Mateusz Hładki zażartował z przejścia Roberta Stockingera do TVP? Wymowne słowa na wizji
W poniedziałkowym wydaniu "Dzień dobry TVN" Mateusz Hładki komentował, co nowego dzieje się w show biznesie. Uwagę zwróciło jednak to, co powiedział jeszcze przed oficjalnym startem swojego wejścia. Czyżby nawiązywał do ostatnich transferów między śniadaniówkami?
Zmiany w TVP odbijają się głośnych echem nie tylko na korytarzach na Woronicza. Jedna z ostatnich sensacji to pojawienie się nowych duetów w "Pytaniu na śniadanie".
Robert Stockinger prowadzi "Pytanie na śniadanie"
Kilka dni temu w Telewizji Polskiej zadebiutował Robert Stockinger, który przez ostatnie kilkanaście lat był reporterem w "DD TVN". Mimo doświadczenia i zaangażowania nie udało mu się zawalczyć o posadę prezentera. Jego potencjał doceniły nowe władze TVP.
W rozmowie z Plejadą Tomasz Stockinger skomentował zmianę pracy syna. Jego słowa były dość wymowne.
Tak się stało, że Robert dostał tę propozycję i z niej skorzystał, bo poczuł się troszkę niedoceniony i mało wykorzystany w "Dzień Dobry TVN". A dla niego jest najważniejsze, żeby po prostu się rozwijać - stwierdził.

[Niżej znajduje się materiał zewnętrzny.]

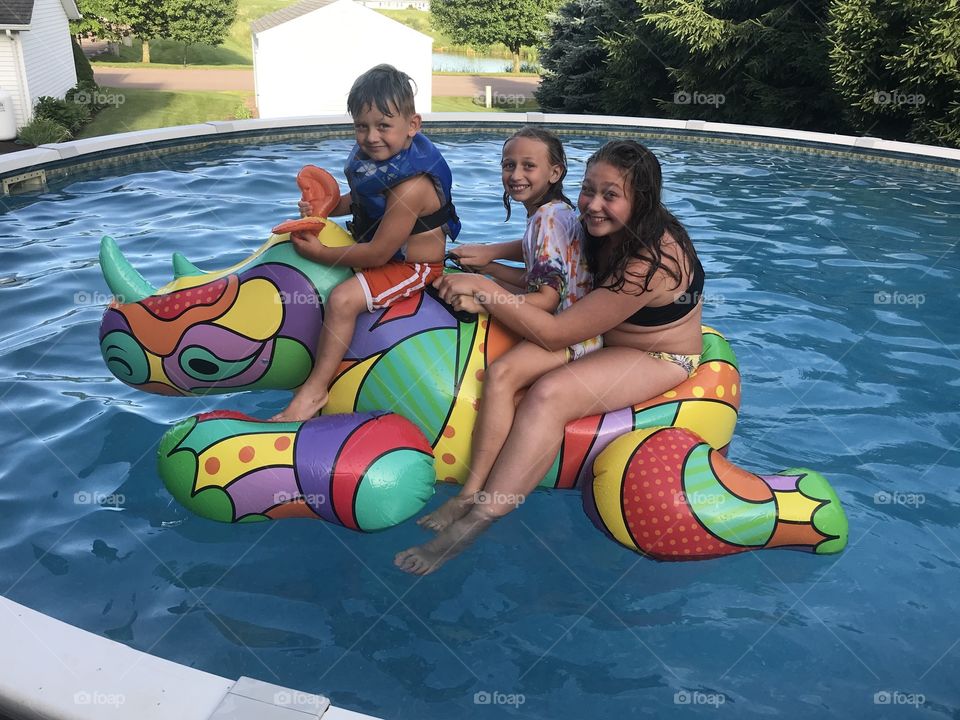 My three kiddos riding on a giant colorful inflatable rhino float in our pool. Water fun! 
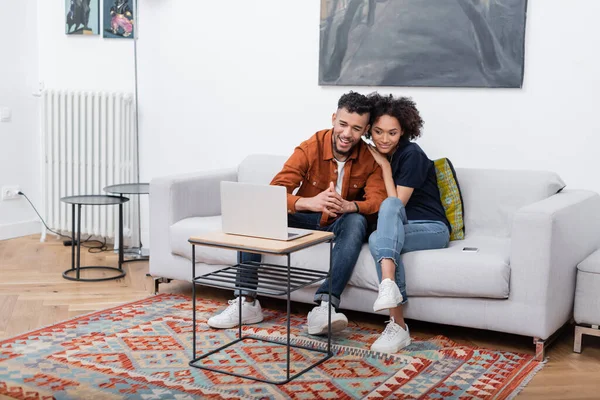 Alegre jovem casal afro-americano sorrindo enquanto assiste filme no laptop no apartamento moderno — Fotografia de Stock
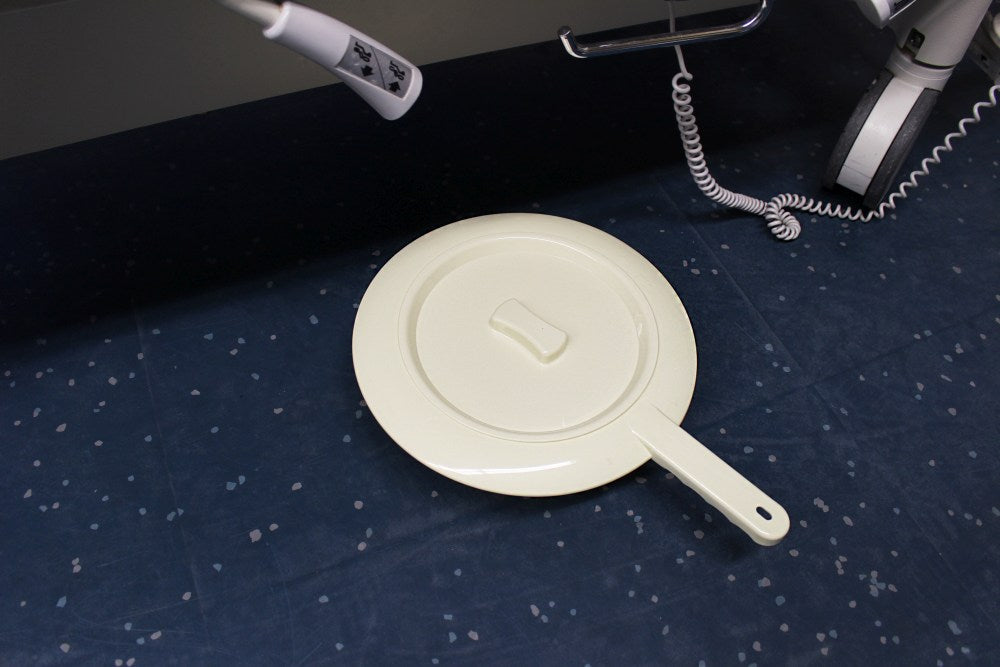 Runde Bettpfanne aus robustem Kunststoff, ideal für den Einsatz im Pflegebereich. Die Pfanne ist in einem klaren, hygienischen Weiß gehalten und verfügt über einen passenden Deckel, der eine einfache und sichere Aufbewahrung ermöglicht. Die Oberfläche ist glatt und leicht zu reinigen, was eine hygienische Nutzung unterstützt. Die ergonomische Form sorgt für Komfort und Praktikabilität, während die stabilen Griffe eine einfache Handhabung gewährleisten.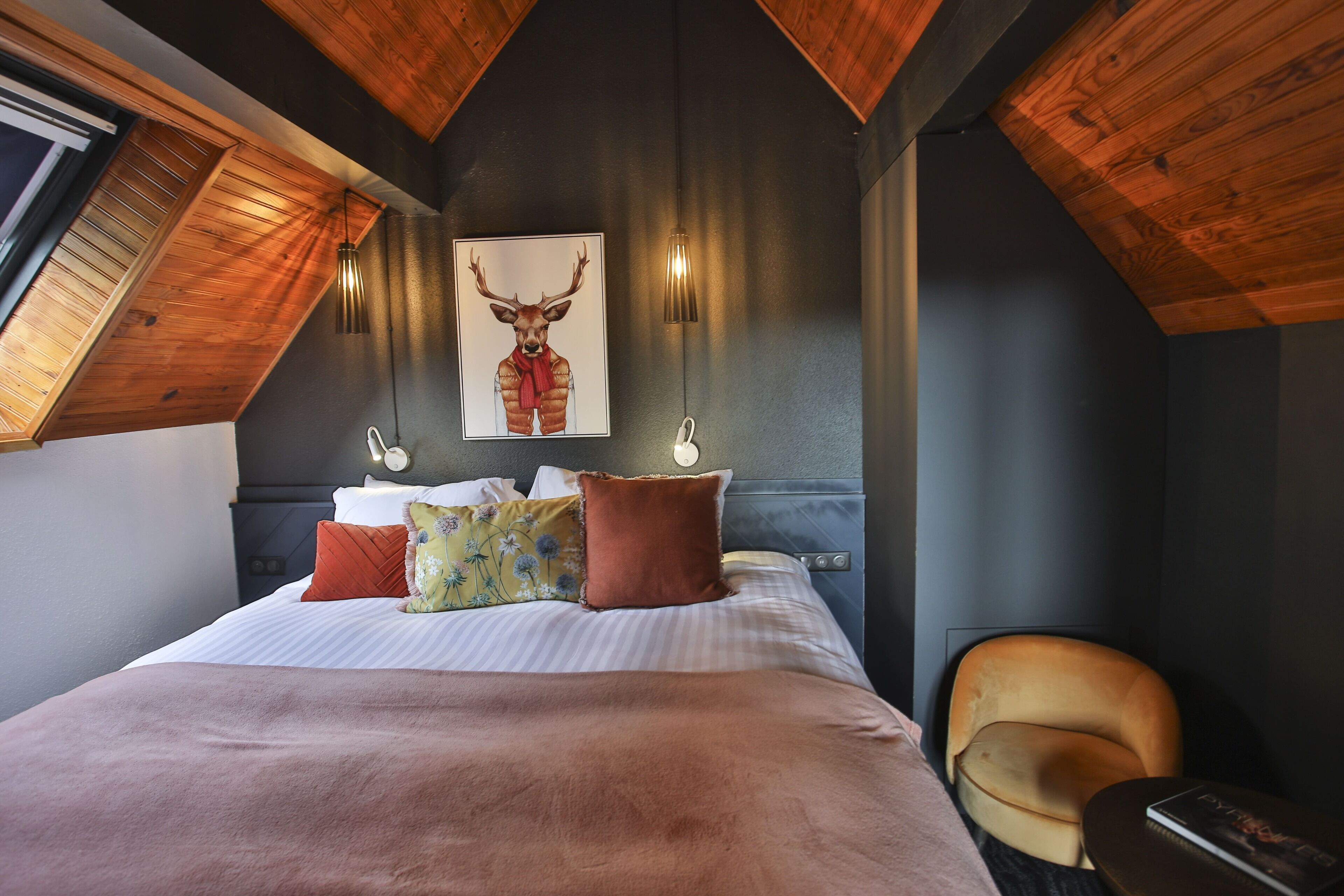 Une chambre avec un plafond en pente, un lit agrémenté de plusieurs oreillers, une chaise et une œuvre d’art représentant un cerf, accrochée au mur.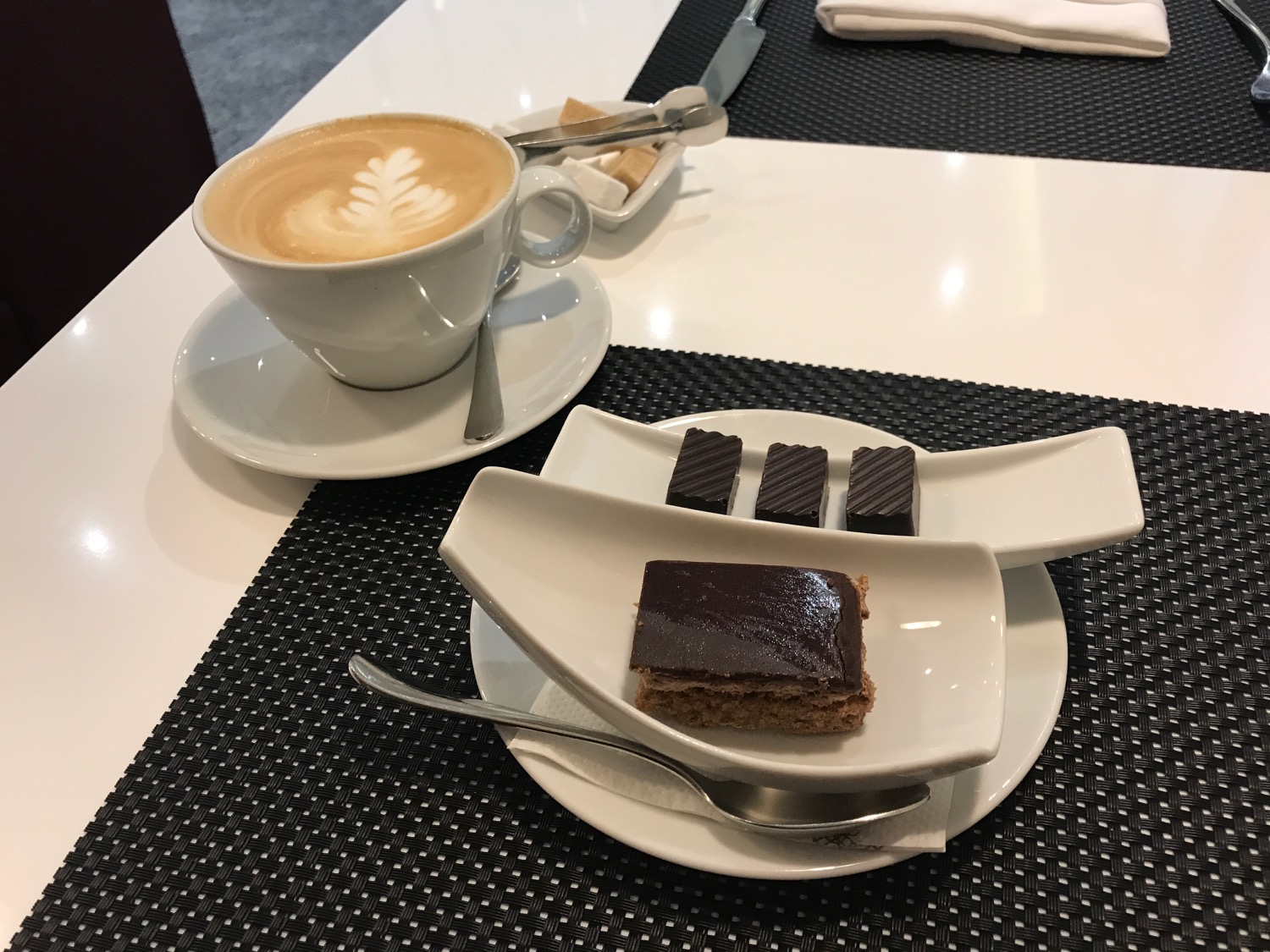 a plate of chocolate cake and a cup of coffee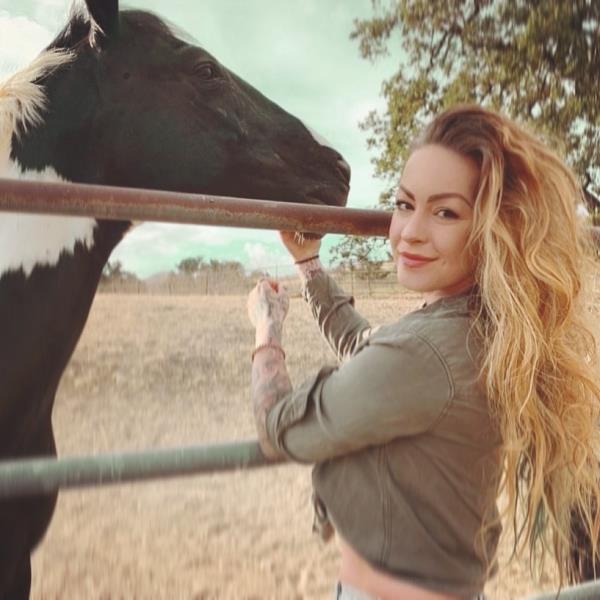 Anita Joy standing next to a horse, remembering her late friend, actor Johnny Wactor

Dalsza część artykułu pod materiałem wideo
Filip Chajzer o swoim nowym biznesie, DD TVN i odejściu Roberta Stockingera z TVN-u.
Hładki wbił szpilkę Stockingerowi?
Wygląda na to w poniedziałkowym wydaniu śniadaniówki Mateusz Hładki postanowił subtelnie nawiązać do transferu swojego kolegi. Jeszcze przed rozpoczęciem segmentu z plotkami z życia gwiazd zapowiedziała go Anna Senkara.
Czas na show-biz, a u nas oczywiście nieoceniony Mateusz Hładki - mówiła.
Niedoceniony? - dopytał Hładki.
Senkara podkreśliła raz jeszcze, że chodziło jej o słowo "nieoceniony", co Hładki uciął lekko speszony.
A nieoceniony. Wiesz, o poranku człowiek jeszcze nie słyszy, nie widzi - skwitował.
Wiadomo też, że to nie koniec rewolucji w "Pytaniu na śniadanie". Kolejną parę prowadzących poznamy prawdopodobnie jeszcze w tym tygodniu. Macie swoje typy?